◆ **WHAT THIS TASK INVOLVES**: Starting with the line where "10957 Baskerville Rd" appears, print every line through the end of the entries below exactly as it stands, and leave out the pictures.

◆ **DATA RECORDS**:
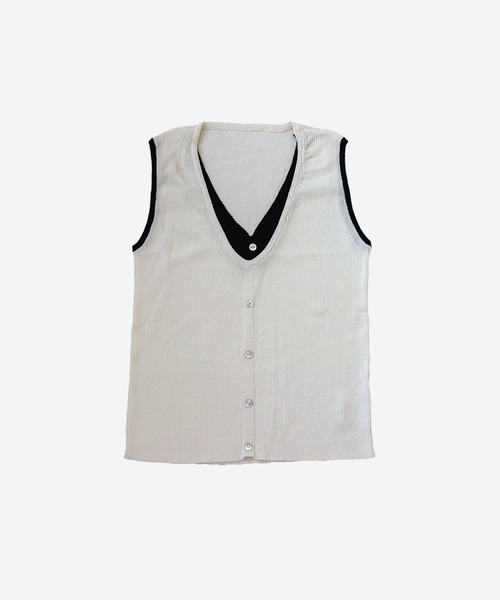 OSYAREVO（オシャレボ）の「レイヤード風 ベスト トップス（ベスト・レディース・ホワイト/ブラック・ONESIZE）」の13枚目の写真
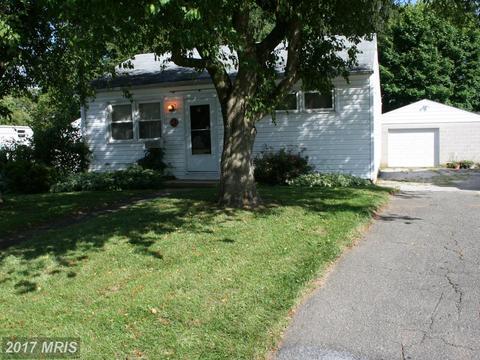 10957 Baskerville Rd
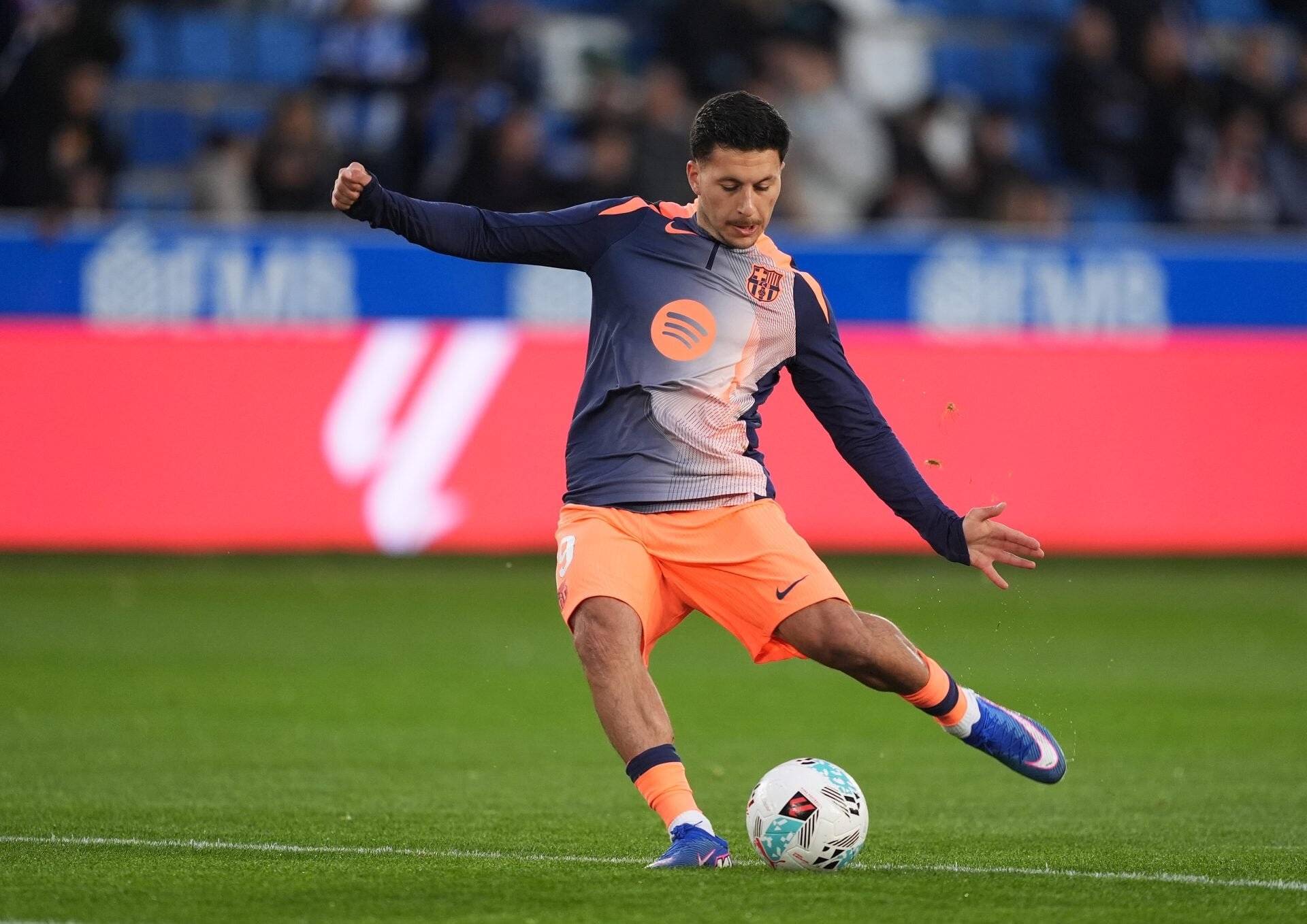 Barcelona youngster sends encouraging message after successful ACL surgery
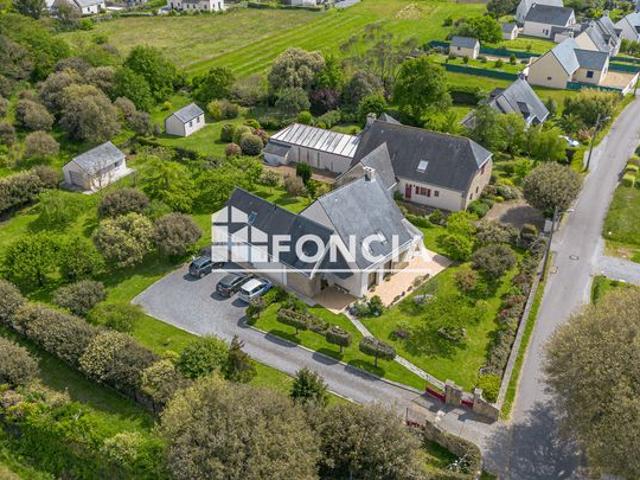 Jolie maison familiale proche des remparts de Guérande très beau jardin paysagé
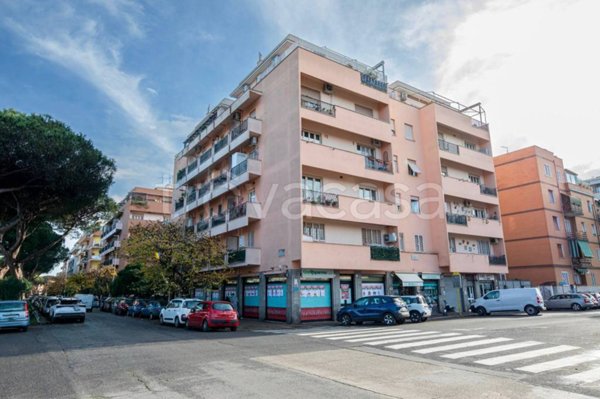 negozio in vendita a Roma in zona Ostia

◆ **EXPECTED ANSWER**:
 10957 Baskerville Rd
 Barcelona youngster sends encouraging message after successful ACL surgery
 Jolie maison familiale proche des remparts de Guérande très beau jardin paysagé
 negozio in vendita a Roma in zona Ostia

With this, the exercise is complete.